··· Input data
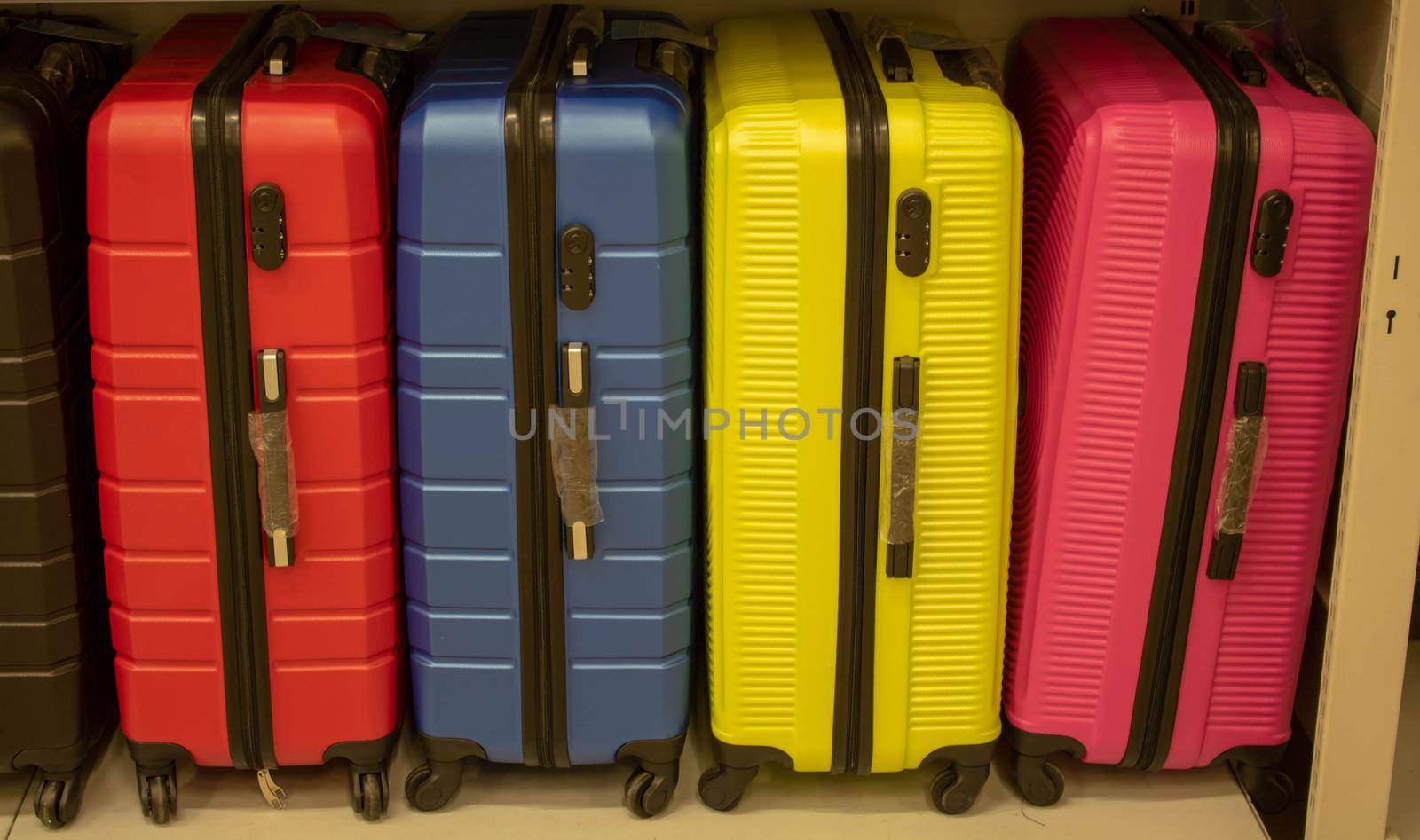Colourful suitcases put in front of the shop. Suitcases that people on vacation often buy. Ready-to-sell suitcases in front of the store
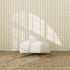 A white, round ottoman sits on a textured woven rug in front of the Jolly Jester Wallpaper Repeat Yellow sample. Sunlight streams through a window, casting geometric shadows that highlight the wallpaper’s quality.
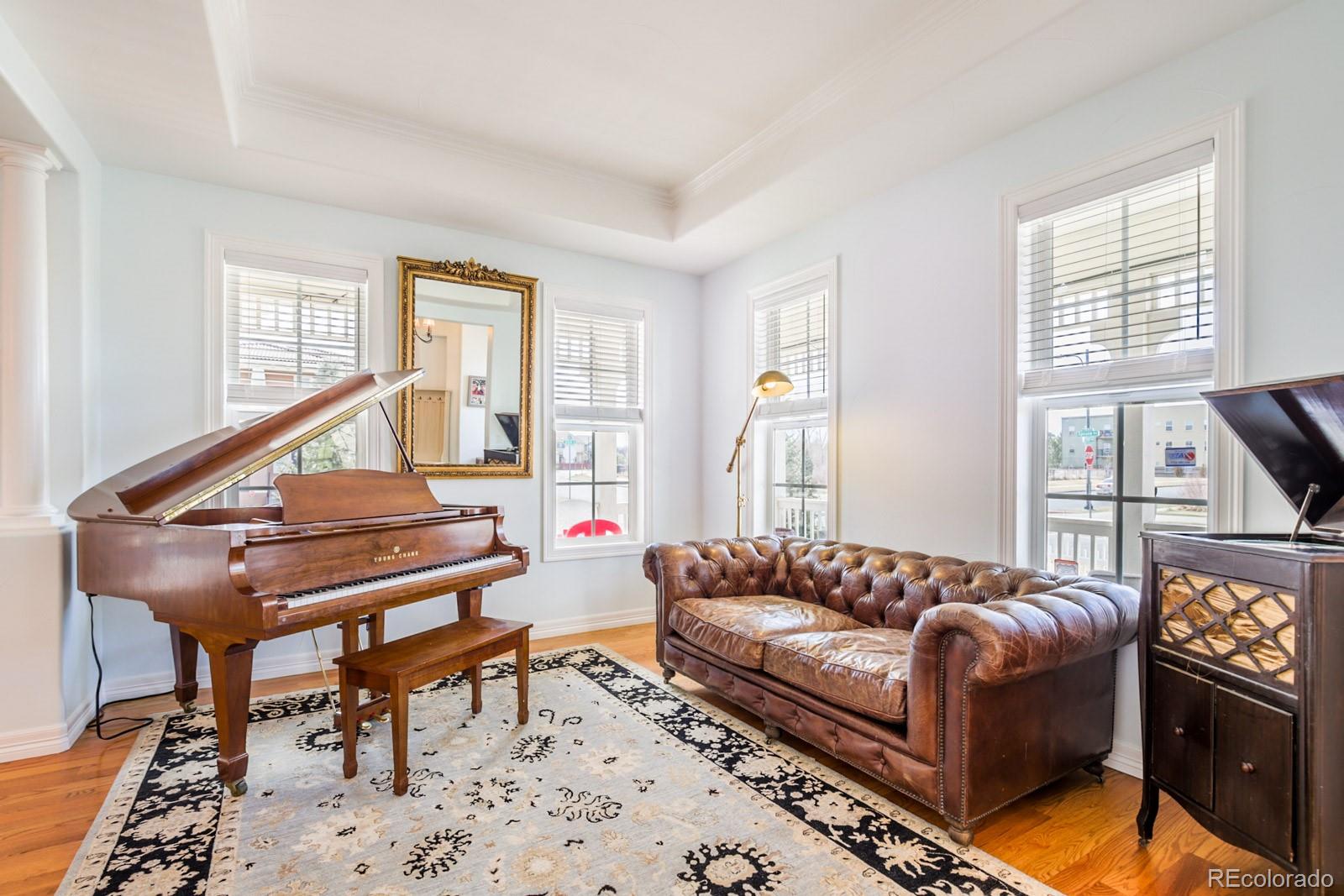 2322 Spruce Way Denver, CO 80238 - Photo 10 of 40 a living room with furniture a piano and a window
······
Problem description: Reproduce all of the data exactly; the pictures do not belong in the copy.

Exercise solution:
Colourful suitcases put in front of the shop. Suitcases that people on vacation often buy. Ready-to-sell suitcases in front of the store
 A white, round ottoman sits on a textured woven rug in front of the Jolly Jester Wallpaper Repeat Yellow sample. Sunlight streams through a window, casting geometric shadows that highlight the wallpaper’s quality.
 2322 Spruce Way Denver, CO 80238 - Photo 10 of 40 a living room with furniture a piano and a window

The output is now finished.